Au préalable, je voudrais faire encore une remarque. Je pense que beaucoup de personnes qui lisent ce livre se posent la question : pourquoi tous les nouveaux mots et les noms qui désignent les pays du monde transphysique et les couches de Chadanakar, même les noms de presque toutes les hiérarchies, ne sont-ils pas russes ? C'est parce que la métaculture russe est l'une des plus jeunes : lorsque son Synclite était en train d’émerger, tout était déjà nommé. Très souvent, vous pouvez trouver que la prononciation de ces mots ressemble au sanscrit, au latin, au grec, à l'hébreu et à l'arabe, et parfois même à des langues plus anciennes qu'aucun philologue ne connaît encore. Inutile de dire que je ne les connais pas non plus ; ce n'est que par ces mots isolés que je juge leur étrange forme phonétique.

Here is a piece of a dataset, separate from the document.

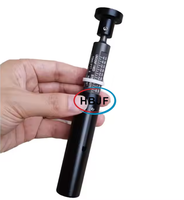 Penetrómetro de Bolsillo para Suelo Estándar ASTM con Alta Precisión 0.2%, Protección IP55, Personalización ODM/OEM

À présent, il me semble que tout ce, qui contribuerait à la compréhension d'autres passages du livre, est dit. Devant nous se trouvent quatre parties, presque entièrement consacrées à la description de la structure de Chadanakar – c’est une sorte de géographie transphysique. Ce n'est qu'après avoir fait une idée de l'arène et des participants au mystère métahistorique, au moins le plus approximatif, qu'il nous sera possible de passer aux parties consacrées carrément aux processus métahistoriques, notamment – à la métahistoire de La Russie et de sa culture, ainsi qu’à la métahistoire de notre époque. Ceci est lié aux objectifs, au programme spécifique de la Rose du Monde, à l’exposition des chemins historiques sur lesquels il sera possible l'unification de l'humanité en un seul organisme sans faire couler le sang, l'abondance générale, l'éducation des générations de type anobli, la transformation de la planète en jardin et l'état mondial en fraternité. D’ici, un pont sera jeté vers les derniers chapitres qui vont traiter : les prévisions historiques lointaines, le problème des cataclysmes finales de l'histoire mondiale et la transition inévitable, quoique catastrophique, d'Enrof vers une autre matérialité supérieure, une autre couche de l'existence. Les dernières pages seront consacrées aux perspectives cosmiques qui vont se manifester à cet égard.